I thought about adding this to the other thread going on about AI art, but I think a separate topic is more appropriate since that one looks to focus general opinions.
Note - This is my interpretation of how this stuff works and I could be wrong on some stuff. Feel free to point it out. I'm not a legal expert or anything.
----------------------
So basically from what I understand the copyright office ruled AI art cannot be copyrighted because only a human author can hold copyright. That means the work automatically falls under public domain. Now as for our question, if artists are free to use imagery that falls under public domain and are allowed to copyright it if their version of it is altered differently enough from the source, would that not also mean an artist can use AI art someone else generated for their own purposes?
From how I understand it when it comes to AI using art, it tends to be either these two things:
1) If the AI trains itself on data sets of art but does not generate art directly from the dataset...then arguably all its doing is "looking" at the art, studying it then creating its own based on a generalization. That is largely what human artists do. Therefore that would allow it to dodge any legally grey areas because to call
2) If it does generate art directly from the data set as in using pictures, yet alters its image just enough to differentiate it...then it would arguably be an original piece thus is copyrightable.
Either way, you'd end up with an original piece that the AI created using human art. I don't know if its fair, but I don't see it as being illegal either because to do so would mean you'd have to classify a lot of human art as also being illegal because most of what we do is, in some way or another, based off tons of art we see around us whether its a conscious effort on our part or subconscious.
For AI creators, this is a double-edged sword. They can create as much art as they want and legally use artists work as a basis, but the catch is that because they didn't create anything themselves that they don't own whatever the AI created as it falls under public domain. Thus the artists should be able to use the AI-created works as a basis for their own art.
I think this as it stands is more of a win for artists than loss as the AI gives rise to a whole new way of looking at creativity and a new source for idea generation/referencing. AI creators can create artwork from artists work, but there's also nothing stopping us from using AI art to make our own art.
Replies
1 and 2: It doesn't matter - robot work cannot be copyrighted.
Can you create derivative work from something a robot did and own the copyright?
yes, you can
it's not AI, it's a complicated filter. if we stop calling it AI we'll stop attributing human characteristics to it and we won't feel the need to perform these kinds of mental gymnastics.
the real shit is a few years off and it'll most likely wipe us out before we see it coming
Now of course it *acts* as a filter (put something in, and get something out) ; but the issue lies in the ethics and legality of the way the content was acquired in the first place. What people want to do with it is largely irrelevant.
- - - - -
"Can you create derivative work from something a robot did and own the copyright?
yes, you can "
Well, only if the practice of IP laundering gets a free pass. This legal battle is far from settled. So the answer is not "yes you can", but rather : "by doing so, one is committing IP laundering. At this time, there is no legal precedent on this topic."

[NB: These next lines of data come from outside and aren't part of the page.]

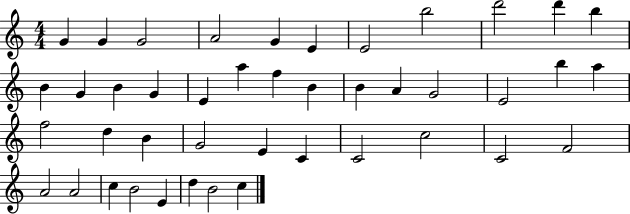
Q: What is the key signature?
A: C major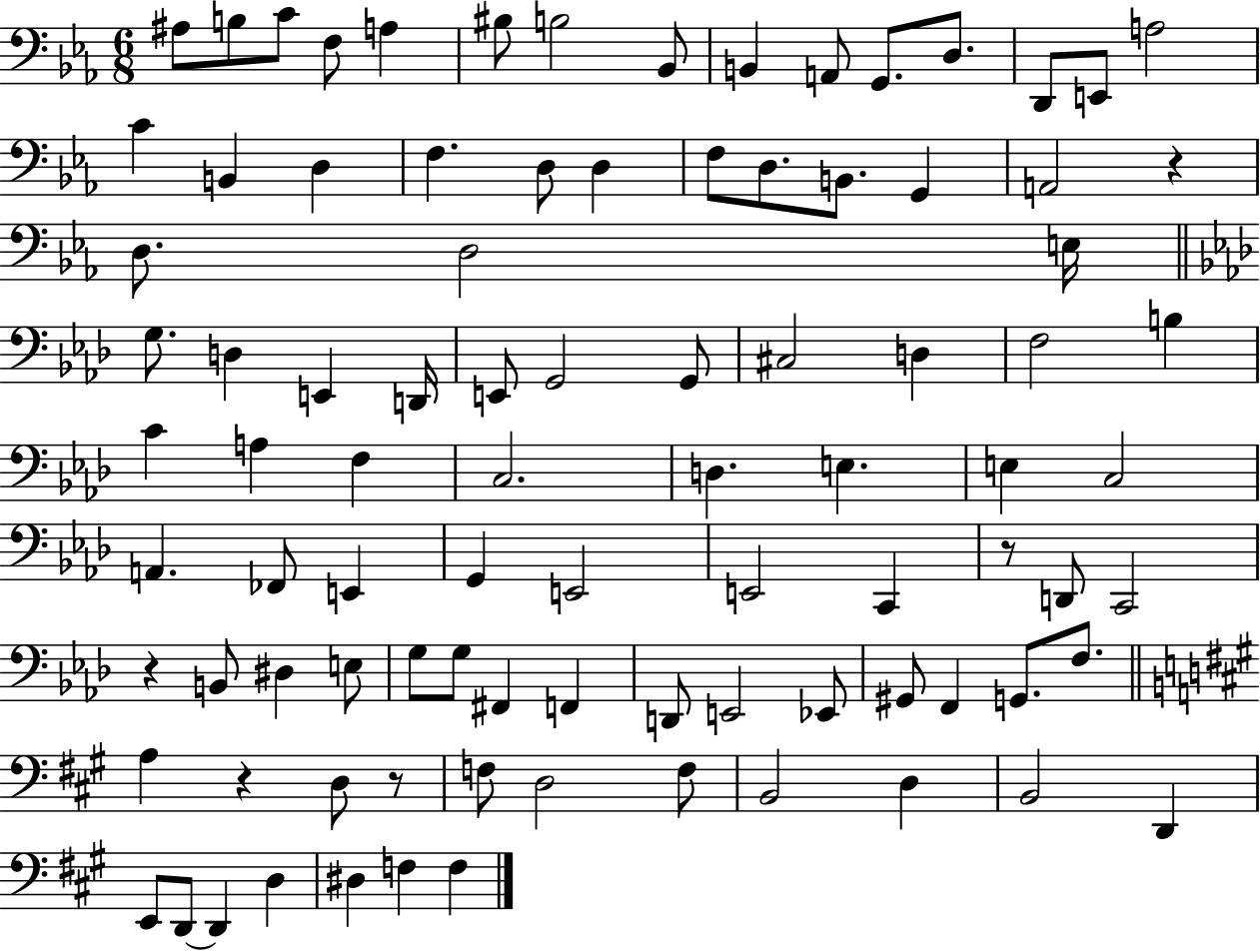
A#3/e B3/e C4/e F3/e A3/q BIS3/e B3/h Bb2/e B2/q A2/e G2/e. D3/e. D2/e E2/e A3/h C4/q B2/q D3/q F3/q. D3/e D3/q F3/e D3/e. B2/e. G2/q A2/h R/q D3/e. D3/h E3/s G3/e. D3/q E2/q D2/s E2/e G2/h G2/e C#3/h D3/q F3/h B3/q C4/q A3/q F3/q C3/h. D3/q. E3/q. E3/q C3/h A2/q. FES2/e E2/q G2/q E2/h E2/h C2/q R/e D2/e C2/h R/q B2/e D#3/q E3/e G3/e G3/e F#2/q F2/q D2/e E2/h Eb2/e G#2/e F2/q G2/e. F3/e. A3/q R/q D3/e R/e F3/e D3/h F3/e B2/h D3/q B2/h D2/q E2/e D2/e D2/q D3/q D#3/q F3/q F3/q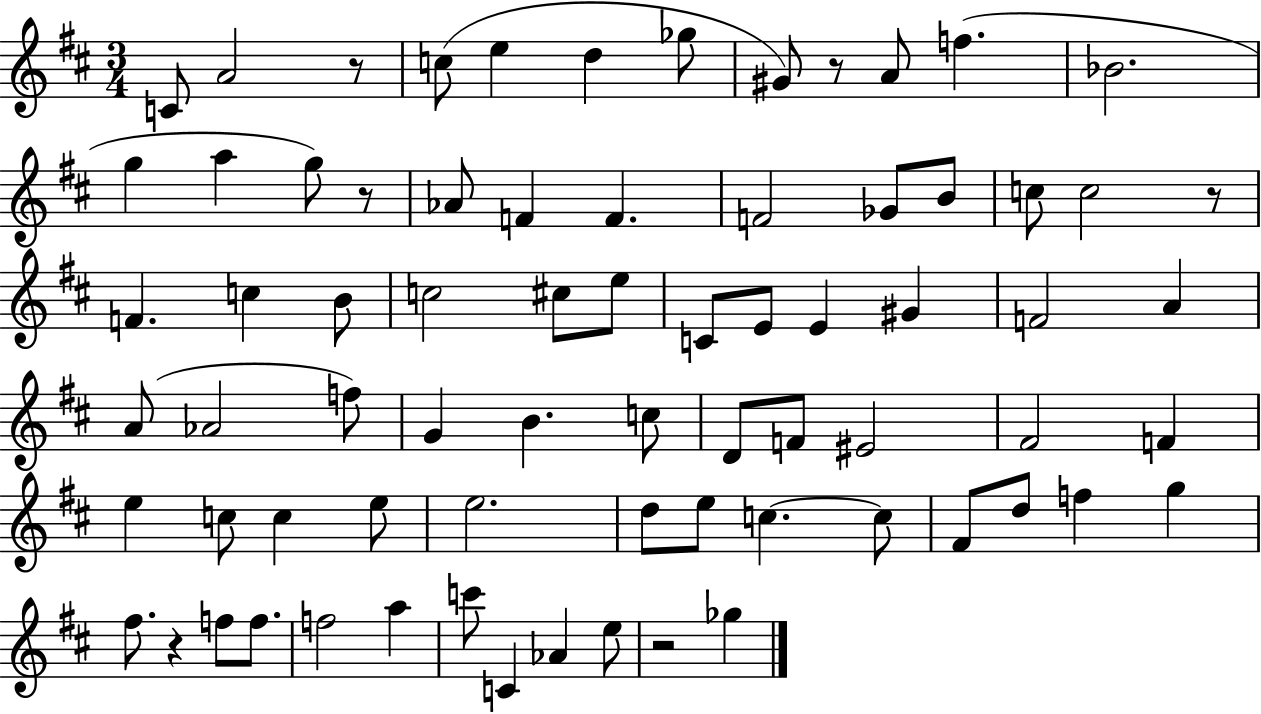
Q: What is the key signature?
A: D major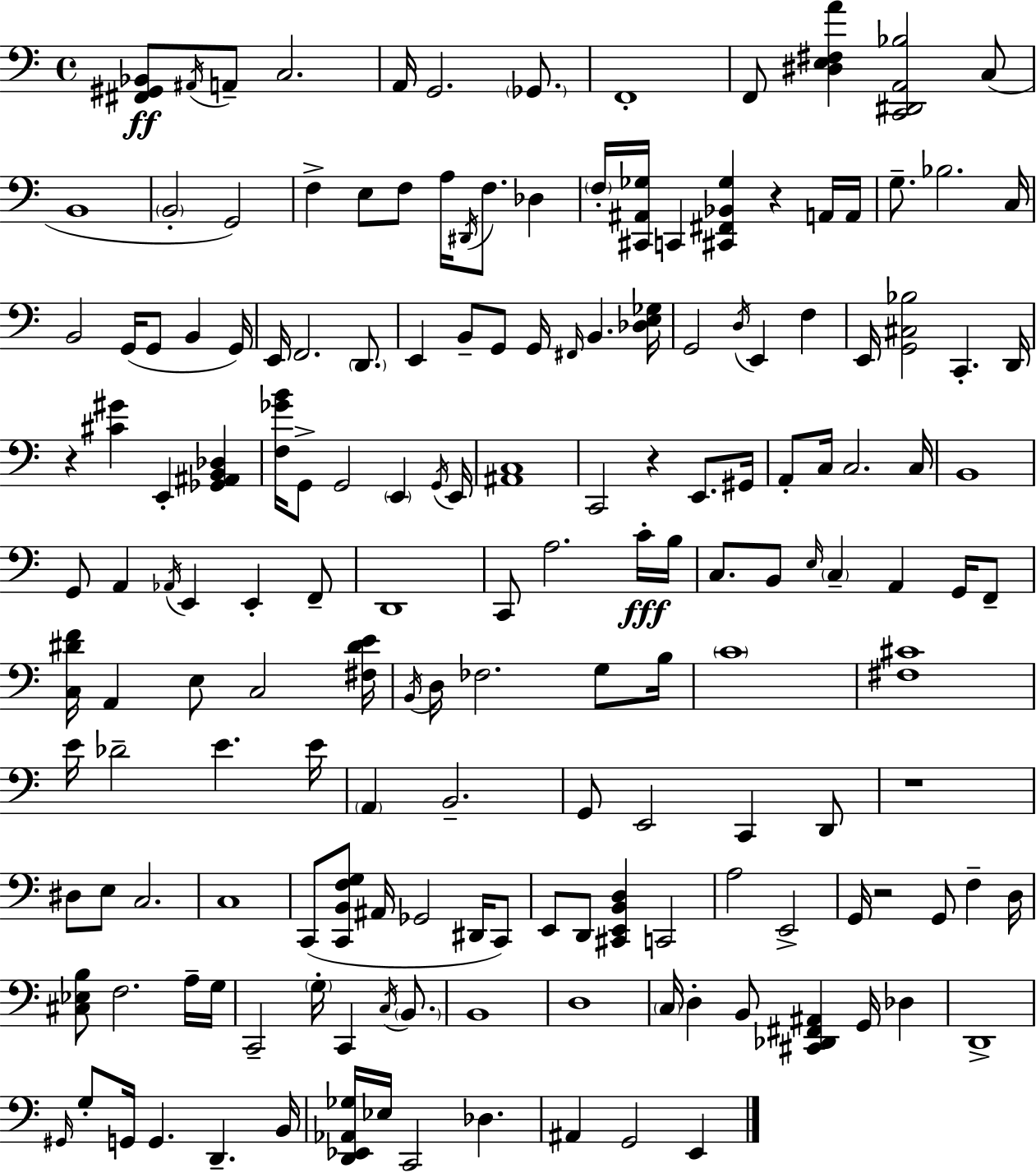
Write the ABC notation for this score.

X:1
T:Untitled
M:4/4
L:1/4
K:C
[^F,,^G,,_B,,]/2 ^A,,/4 A,,/2 C,2 A,,/4 G,,2 _G,,/2 F,,4 F,,/2 [^D,E,^F,A] [C,,^D,,A,,_B,]2 C,/2 B,,4 B,,2 G,,2 F, E,/2 F,/2 A,/4 ^D,,/4 F,/2 _D, F,/4 [^C,,^A,,_G,]/4 C,, [^C,,^F,,_B,,_G,] z A,,/4 A,,/4 G,/2 _B,2 C,/4 B,,2 G,,/4 G,,/2 B,, G,,/4 E,,/4 F,,2 D,,/2 E,, B,,/2 G,,/2 G,,/4 ^F,,/4 B,, [_D,E,_G,]/4 G,,2 D,/4 E,, F, E,,/4 [G,,^C,_B,]2 C,, D,,/4 z [^C^G] E,, [_G,,^A,,B,,_D,] [F,_GB]/4 G,,/2 G,,2 E,, G,,/4 E,,/4 [^A,,C,]4 C,,2 z E,,/2 ^G,,/4 A,,/2 C,/4 C,2 C,/4 B,,4 G,,/2 A,, _A,,/4 E,, E,, F,,/2 D,,4 C,,/2 A,2 C/4 B,/4 C,/2 B,,/2 E,/4 C, A,, G,,/4 F,,/2 [C,^DF]/4 A,, E,/2 C,2 [^F,^DE]/4 B,,/4 D,/4 _F,2 G,/2 B,/4 C4 [^F,^C]4 E/4 _D2 E E/4 A,, B,,2 G,,/2 E,,2 C,, D,,/2 z4 ^D,/2 E,/2 C,2 C,4 C,,/2 [C,,B,,F,G,]/2 ^A,,/4 _G,,2 ^D,,/4 C,,/2 E,,/2 D,,/2 [^C,,E,,B,,D,] C,,2 A,2 E,,2 G,,/4 z2 G,,/2 F, D,/4 [^C,_E,B,]/2 F,2 A,/4 G,/4 C,,2 G,/4 C,, C,/4 B,,/2 B,,4 D,4 C,/4 D, B,,/2 [^C,,_D,,^F,,^A,,] G,,/4 _D, D,,4 ^G,,/4 G,/2 G,,/4 G,, D,, B,,/4 [D,,_E,,_A,,_G,]/4 _E,/4 C,,2 _D, ^A,, G,,2 E,,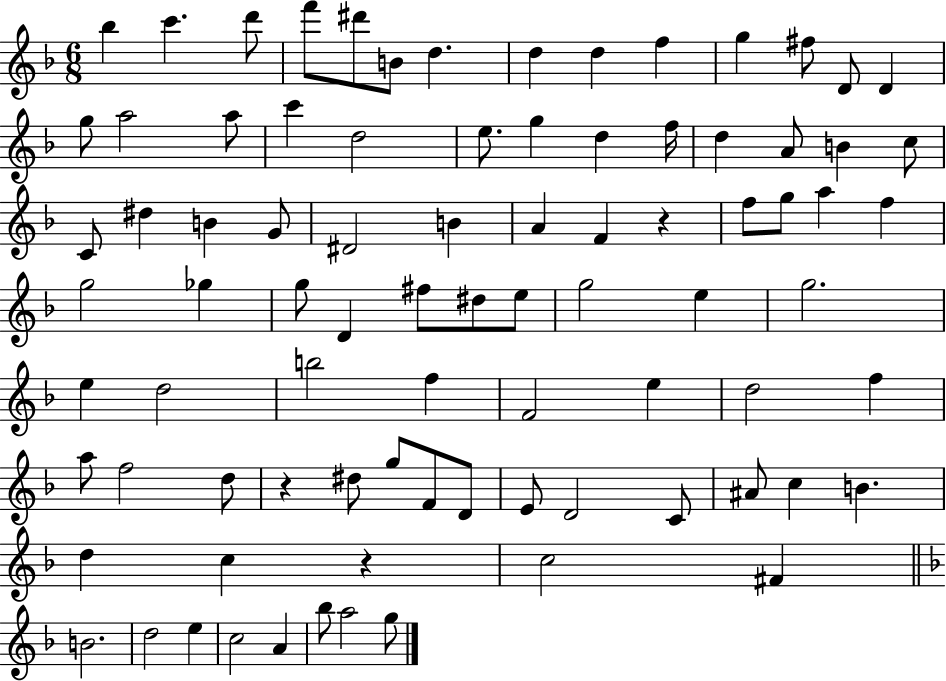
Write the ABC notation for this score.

X:1
T:Untitled
M:6/8
L:1/4
K:F
_b c' d'/2 f'/2 ^d'/2 B/2 d d d f g ^f/2 D/2 D g/2 a2 a/2 c' d2 e/2 g d f/4 d A/2 B c/2 C/2 ^d B G/2 ^D2 B A F z f/2 g/2 a f g2 _g g/2 D ^f/2 ^d/2 e/2 g2 e g2 e d2 b2 f F2 e d2 f a/2 f2 d/2 z ^d/2 g/2 F/2 D/2 E/2 D2 C/2 ^A/2 c B d c z c2 ^F B2 d2 e c2 A _b/2 a2 g/2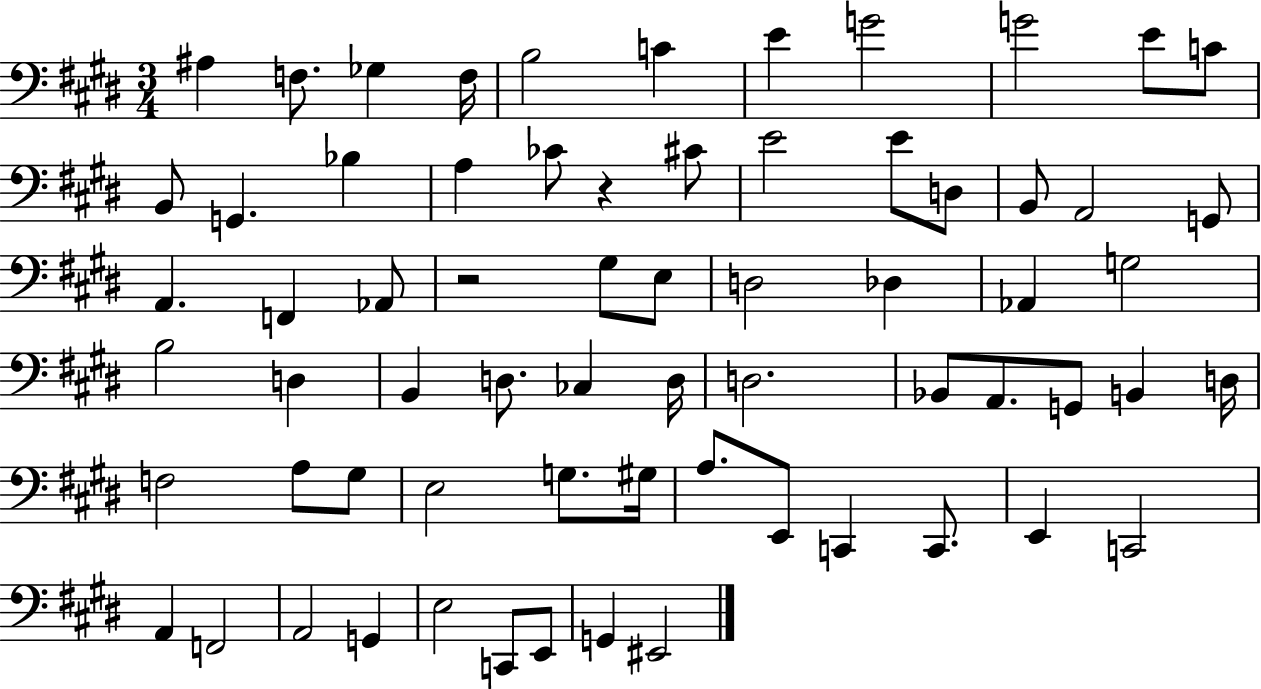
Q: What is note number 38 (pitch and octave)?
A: D3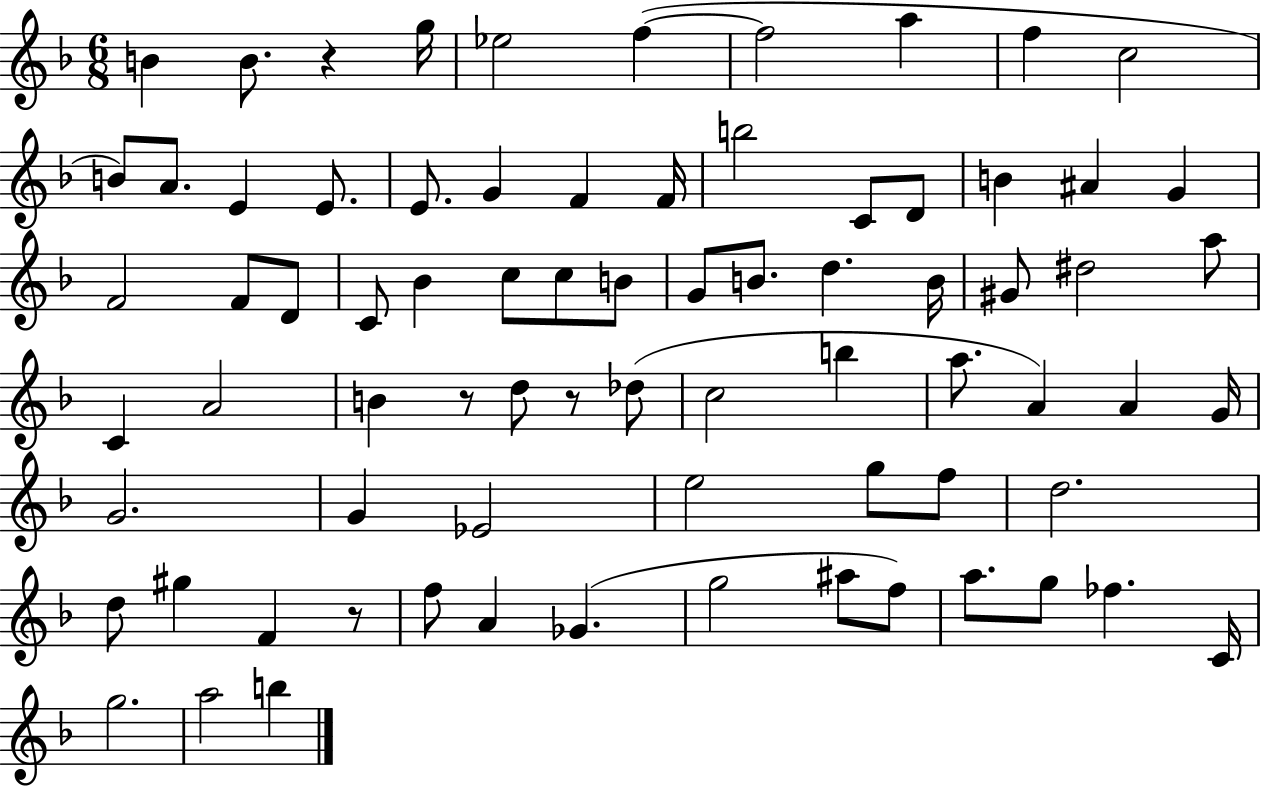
X:1
T:Untitled
M:6/8
L:1/4
K:F
B B/2 z g/4 _e2 f f2 a f c2 B/2 A/2 E E/2 E/2 G F F/4 b2 C/2 D/2 B ^A G F2 F/2 D/2 C/2 _B c/2 c/2 B/2 G/2 B/2 d B/4 ^G/2 ^d2 a/2 C A2 B z/2 d/2 z/2 _d/2 c2 b a/2 A A G/4 G2 G _E2 e2 g/2 f/2 d2 d/2 ^g F z/2 f/2 A _G g2 ^a/2 f/2 a/2 g/2 _f C/4 g2 a2 b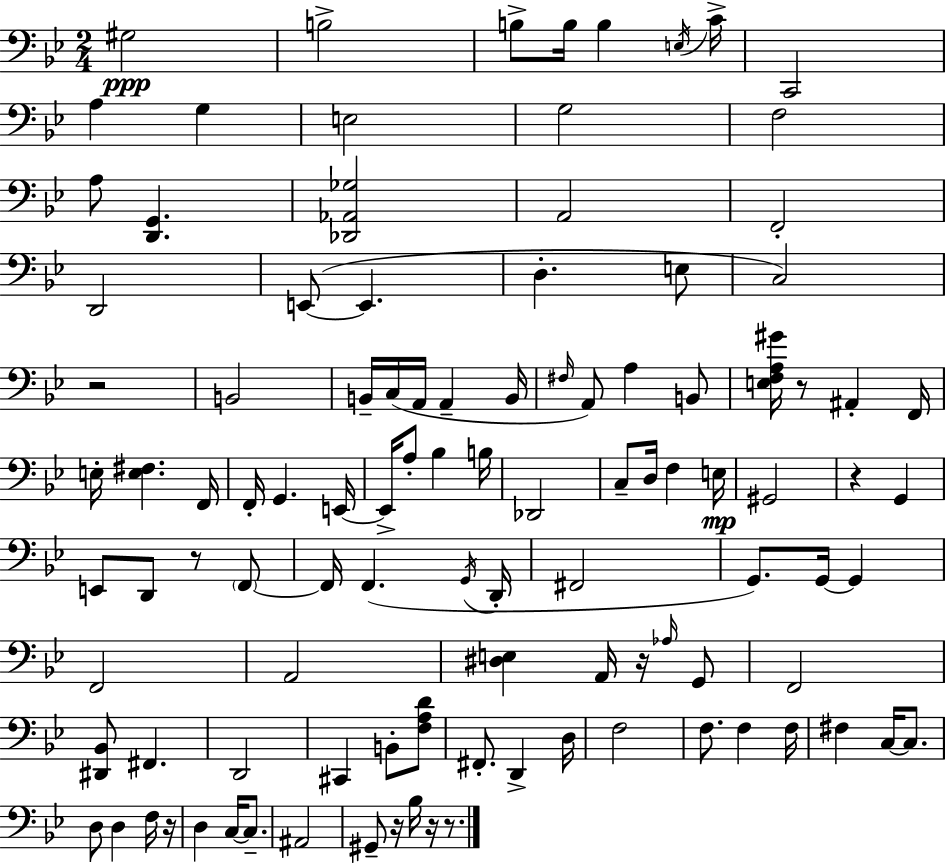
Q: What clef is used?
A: bass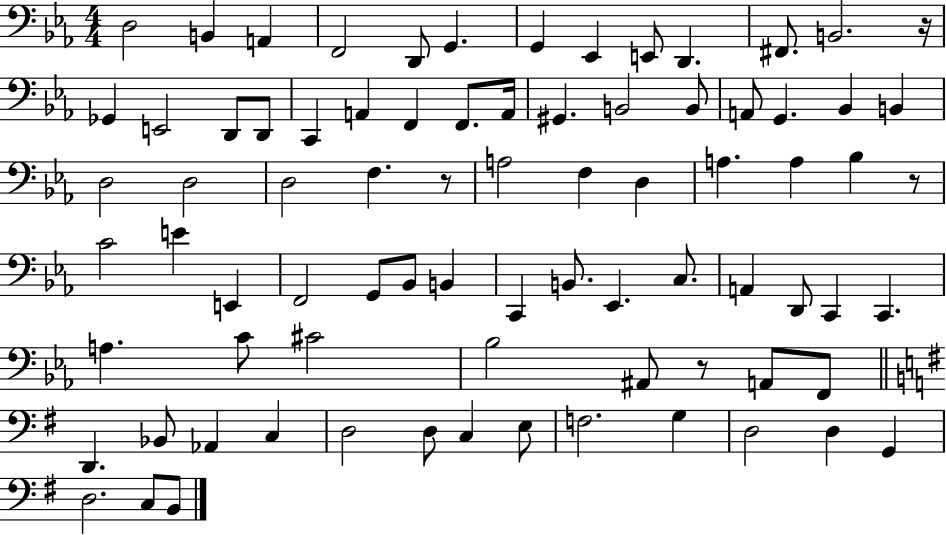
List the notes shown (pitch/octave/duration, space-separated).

D3/h B2/q A2/q F2/h D2/e G2/q. G2/q Eb2/q E2/e D2/q. F#2/e. B2/h. R/s Gb2/q E2/h D2/e D2/e C2/q A2/q F2/q F2/e. A2/s G#2/q. B2/h B2/e A2/e G2/q. Bb2/q B2/q D3/h D3/h D3/h F3/q. R/e A3/h F3/q D3/q A3/q. A3/q Bb3/q R/e C4/h E4/q E2/q F2/h G2/e Bb2/e B2/q C2/q B2/e. Eb2/q. C3/e. A2/q D2/e C2/q C2/q. A3/q. C4/e C#4/h Bb3/h A#2/e R/e A2/e F2/e D2/q. Bb2/e Ab2/q C3/q D3/h D3/e C3/q E3/e F3/h. G3/q D3/h D3/q G2/q D3/h. C3/e B2/e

ML models are literally filters so I disagree - facts are not disingenuous.
A neural net is a tree of binary choices. The complex behavior we see is achieved by brute force : ie. there's a shit load of choices and a shit load of tweakable parameters that drive the choices (that's what the prompt affects).
My point is that we as a species should not attribute intent or intelligence to the models - that muddies the waters significantly, leading to questions raised in the OP and distracts from the real point which is - as you say - the ethical responsibilities lying with those gathering training data.
In terms of the law stuff.
Provided what you do is considered transformative enough you can do this with copyrighted material - I fail to see a difference
The scraped art is (in most cases) intellectual property, and theft of intellectual property is a recognized problem. (https://www.europol.europa.eu/crime-areas-and-statistics/crime-areas/intellectual-property-crime)
Harvard Business Review has a great article explaining why this is a problem specifically about AI generators. https://hbr.org/2023/04/generative-ai-has-an-intellectual-property-problem
I guess scale is the practical issue - previously it took effort to steal a load of people's IP and sell it and now the robots have done the work for you.
It's a delicate problem for legislators because a knee-jerk reaction in response to public outrage could cause a huge amount of harm - the freedom to create transformative work and commercialise it is the foundation of critcique/review/history/parody/invention in general etc.
'Art' includes all sorts of stuff outside the remit of midjourney and coming up with a definition that protects the things I mention above but prevents 'IP laundering' is going to be quite the exercise.
My concern is that we could end up with legislation that makes it impossible to build on or critique prior art - which would be pretty devastating both culturally and individually for many commentators/creators.
that aside though, enforcement is a problem I'm not sure can be properly solved.
The training data is already stored in human readable form because its pictures people got off the internet - nothing needs to be done there.
The result of the training is not human readable and (to my admittedly slightly out of date knowledge) you cannot reverse the process to derive the training data. The closest we've got is using another model to guess what the sources are - this is of course not reliable.
The upshot of this is that you have no way to prove that the presented training data is or is not what was used to train the model - a bit of an issue in court I think.
In practice, generating a decent amount of training data is a shit load of work and will be out of the reach of most organisations - they'll be buying datasets in and it should be possible to regulate the people selling them (in as much as you can regulate anything)